I have just returned from my very first house swap.
By Annabel Monahan
I have just returned from my very first house swap. It was an unbalanced sort of exchange in that my family stayed in my friend Paige’s apartment in Paris for two weeks, and she stayed in my house in Rye for three days. We had more contact during that time than we’ve had in the past 25 years, asking questions about appliances and sharing photos of our families in the other’s town. (I sent photos of my family at the Eiffel Tower; she sent photos of hers at Bar Taco. I told you this was unbalanced, right?) But more than anything, being in each other’s spaces and trying on each other’s lives makes me feel like we’ve actually spent time together. It’s uncanny how much a home tells you about a person.
Whenever people are coming to my house, I do the standard mad dash.
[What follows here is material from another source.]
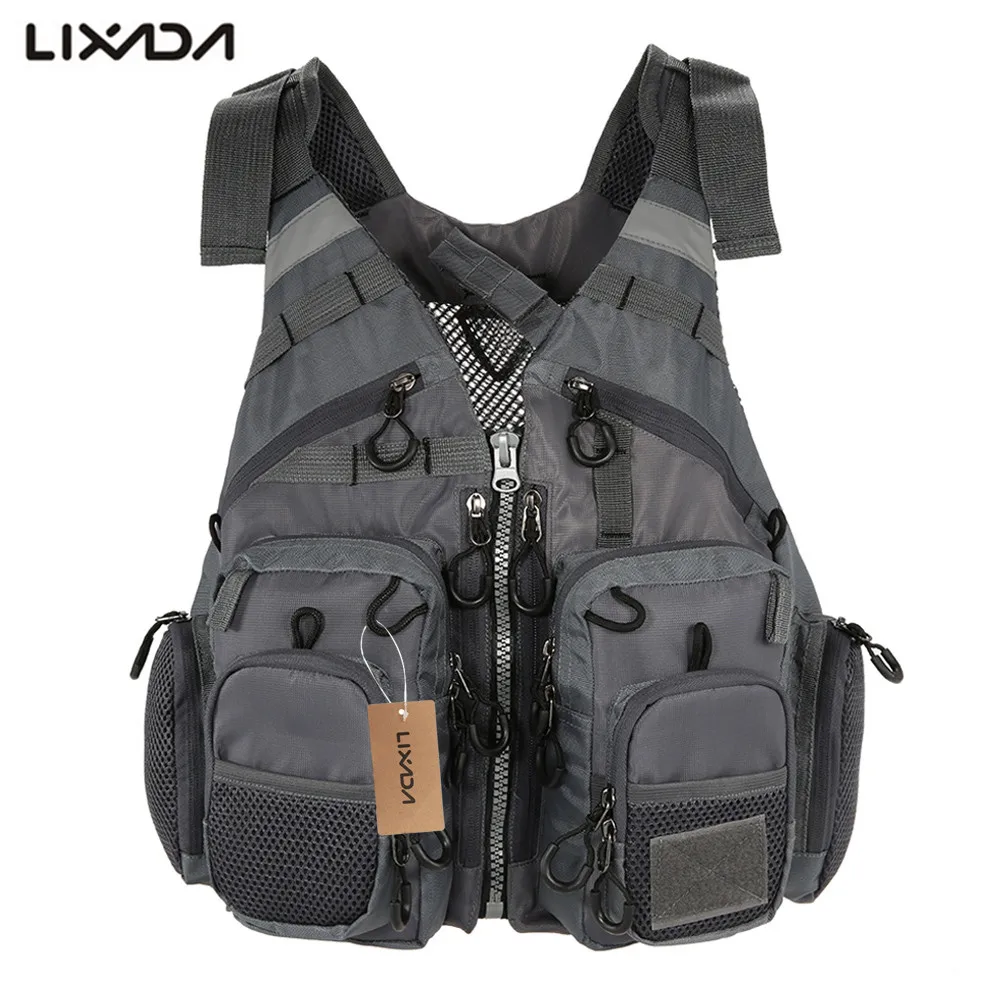

Lixada Outdoor Fly Fishing Vest Life Superior 209lb Bearing Life Safety Jacket Waistcoat Multipocket Vest Floatation for Pesca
I stash the papers in a cabinet or two. I collect armfuls of socks and take them to the basement. I stack unsavory reading material, stray shoes, and golf balls on the back stairs. I clean up in a ‘please don’t open any drawers or look at any one surface for too long’ kind of way. If people don’t stay long, they generally leave thinking I’m running an orderly ship. This may be why I don’t usually invite people to stay for very long.
I straightened up my house in this way before I left for Paris, excited to be going on vacation and hyper-focused on arriving at the airport my customary three hours before flight time. It wasn’t until I turned the key at Paige’s picture-perfect apartment that I started to wish I’d given my place another once over. We were going to learn a lot about each other, and I’d left a lot of myself sitting around.
Paige and I went to high school in Los Angeles together. We were great friends, but due to geography we haven’t seen much of each other since then. We now keep in touch in a Facebook kind of way, meaning that we mostly hear about each other’s good days. Neither of us ever posts a photo of vomiting children or personal meltdowns. And I would certainly never post a photo of my three kitchen junk drawers.
“With horror I pictured Paige in my kitchen, opening any number of cupboards to find tax receipts and dead batteries thrown together like a poorly conceived blind date.”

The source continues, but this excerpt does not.